We saw that the Maple environment allows for computation with integer and rational numbers, but it does not do so well with real numbers. We will see that Maple understands that $\sqrt{2}$ and $\pi$ are non-rational real numbers, but in general, it is quite difficult to do computations with them.
If we want to perform real computations, in general, we cannot, but we can approximate real computations with floating-point computations. With floating-point computations, each operand is evaluated to a fixed number of digits, the operation is then performed, and the result is then truncated to the given number of digits.
By default, the number of digits is ten (10).
> 1.234567890*2.345678901;
$2.895899851$
The exact solution is $2.89589985142508889$, but this is rounded to ten significant digits.
You may recall, or if you may not already be aware, that double-precision floating-point numbers (double) use 53 significant bits, which is approximately 16 decimal digits of precision, while single-precision floating-point numbers (float) uses less than eight. In Maple, you can prescribe the number of digits to which all floating-point computations are to be performed by assigning to the environment variable Digits:
[> Digits; # Print the value assigned to 'Digits'
$10$
This shows the default value of Digits, but we can assign to this environment variable, too:
[> Digits := 20;
$Digits := 20$
As soon as we do this, all floating-point operations use 20 significant digits:
> 1.2345678901234567890*2.3456789012345678901;
$2.8958998520042688603$
If you were to calculate the given product to all possible digits, then the actual value would be $2.8958998520042688603139767765142508889$, but this result is rounded to twenty digits.

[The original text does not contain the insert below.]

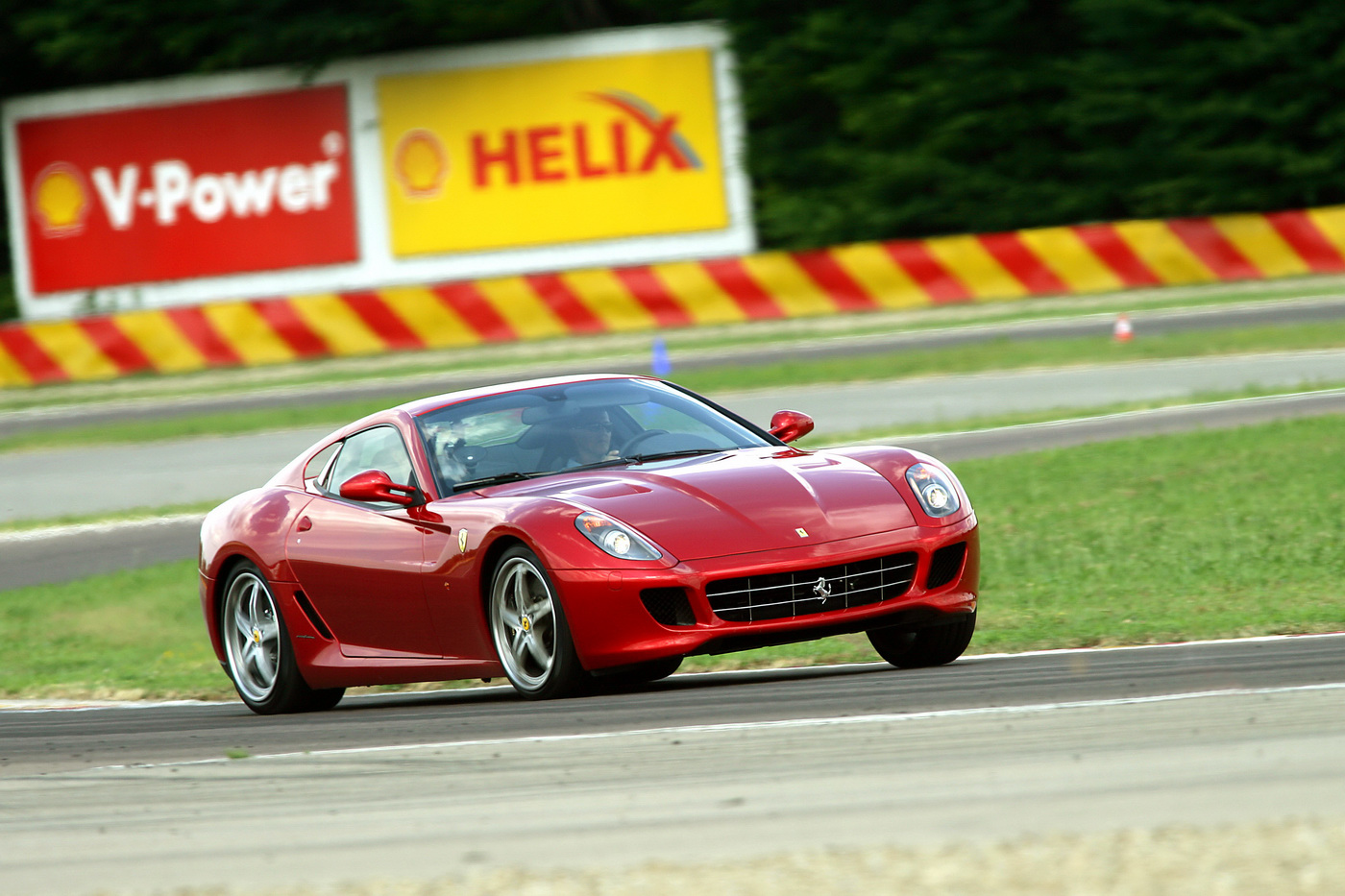 Автомобильные обзоры. Машина Ferrari 599 GTB Fiorano. Ferrari 599 GTB HGTE. Ferrari 599 GTO Шумахер. Ferrari 599 handling gt evoluzione.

It is important to realize that at all times, every operand is first rounded to a Digits-digit number, and only then is the calculation performed. For example, consider the following sum:
> Digits := 10;
$Digits := 10$
> 1.0000000005 + 1.0000000004;
$2.000000000$
Ideally, one would suggest that this should equal $2.000000001$; however, each operand is first rounded to two significant digits first, so we are really just calculating $1 + 1 = 2$.

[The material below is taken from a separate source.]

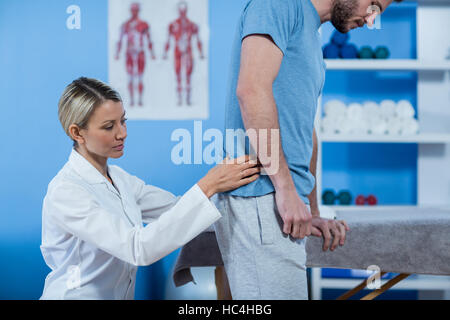 Physiotherapist examining mans retour Banque D'Images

Every floating-point computation is associated with an error. Indeed, every floating-point number represents a range of possible real nubmers. For example, 2.345678901 could represent any real number on the interval $(2.3456789005, 2.3456789015)$, so any real number on this interval could be represented by 2.345678901 when rounded to ten (10) digits.
We will right now introduce a new function: one that converts a an integer, a rational number into a floating-point number at the given number of digits:
> evalf( 22/7 );
$3.142857143$
> evalf( 355/113 );
$3.141592920$
> Digits := 20;
$Digits := 20$
> evalf( 355/113 );
$3.1415929203539823009$
> Digits := 113;
$Digits := 113$
> evalf( 355/113 );
$3.14159292035398230088495575221238938053097345132743362831$ $85840707964601769911504424778761061946902654867256637168$
It is no coincidence that 113 digits are required before you detect the first repeating decimal: why? (Hint: you'll notice there are 112 repeating decimals.)
$\frac{355}{113} = 3.\overline{14159292035398230088495575221238938053097345132743362831}$ $\overline{85840707964601769911504424778761061946902654867256637168}$
Incidently, $\pi = 3.1415926536\mdots$, so as an approximation $\pi$, $\frac{355}{113}$ has a relative error of 0.0000085%, or one part in twelve million.